Check it out and then ask yourself these questions:
- the "Satellite House" seems to have been a major drug distribution point. Does the article find out who owned it, or operated it?
- who owned or operated the overbuilt and undermaintained housing that was constructed after the early 1980s?
- Drew Street appears to have been a base of operations for organized crime. Why does this article replace the Avenues gang and the "Eme" cross-border crime syndicate with a focus on one woman, Maria Leon, and her thirteen children?
- what is the function of references to the village of Tlalchapa - Leon's origin - in the Mexican state of Guerrero, called "one of Mexico's most violent regions"?
- are these statements meant to explain Drew Street's trafficking and violence in a causal way?
"Tlalchapans moved into many of the new apartments, said former Drew Street residents.
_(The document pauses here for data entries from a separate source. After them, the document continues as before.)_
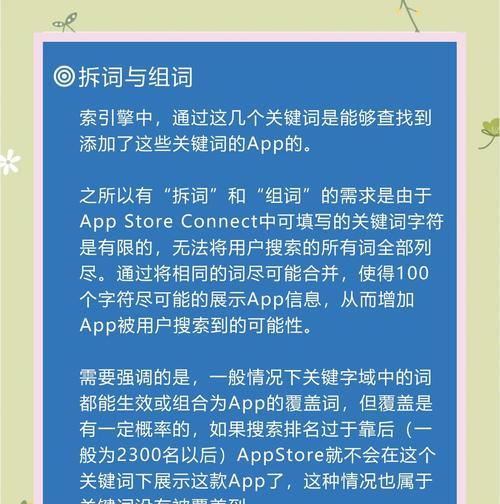 百度关键词在线优化有哪些技巧？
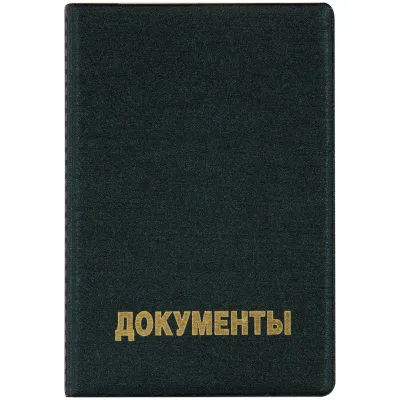 Обложка для автодокументов OfficeSpace ПВХ, Премьер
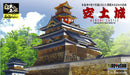Doyusha JoyJoy Collection Japan's Famous Castle Model Azuchi Castle 1/540 JJ-10_7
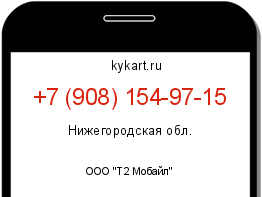 Информация о номере телефона +7 (908) 154-97-15: регион, оператор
As they did, neighbors said, fights, parties and heavy drinking became more common."
As more Tlalchapans arrived on Drew Street, "it was the law of the revolver," Flocelo Aguirre said.If so, is the author saying that Drew Street crime comes from Tlalchapan's culture of crime?
Police task forces, gang sweeps, arrests -- even a 2002 gang injunction -- have done little to break the bonds of family and culture that breed criminal activity on Drew Street, officials said.
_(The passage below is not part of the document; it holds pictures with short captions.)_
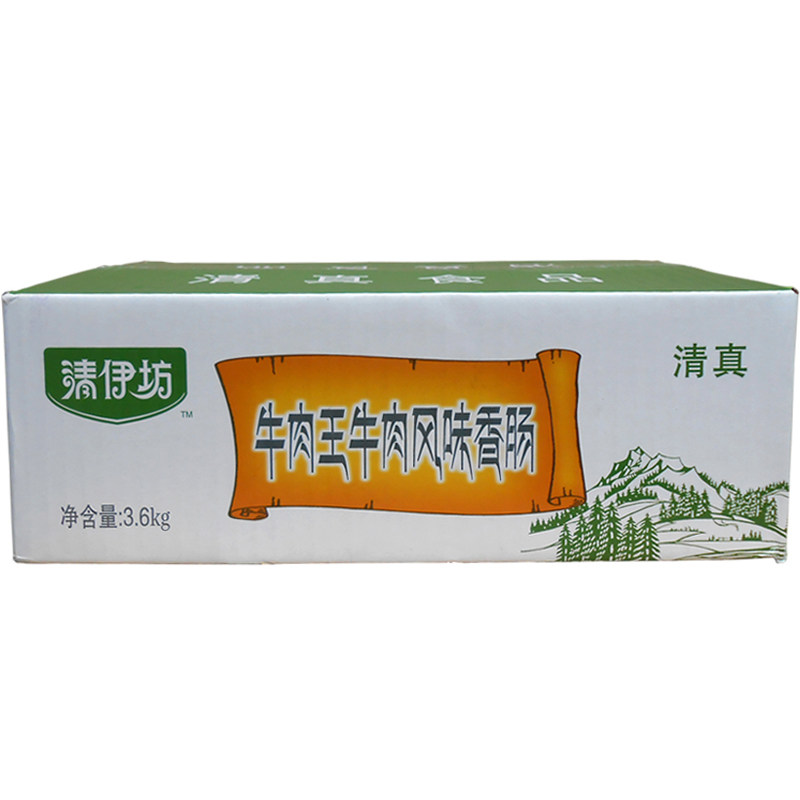 清伊坊清真牛肉风味香肠烧烤
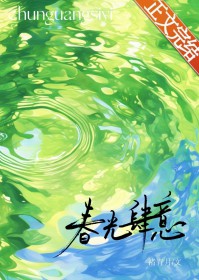 春光肆意许嘉周斯礼
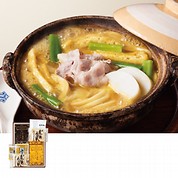 生みそ煮込うどん・生カレー煮込うどん詰合せ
The piece is fun pulp fiction, but if you tried to do urban policy, sociology, or crime detection with its type of information (stereotypes, general trends, a "usual suspect," and no specifics about individual associations, building ownership, etc material), you would fail. There's no syndicate, police force, crooked urban officials, payoffs and deals, all the usual stuff that make something like the Drew Street system operate.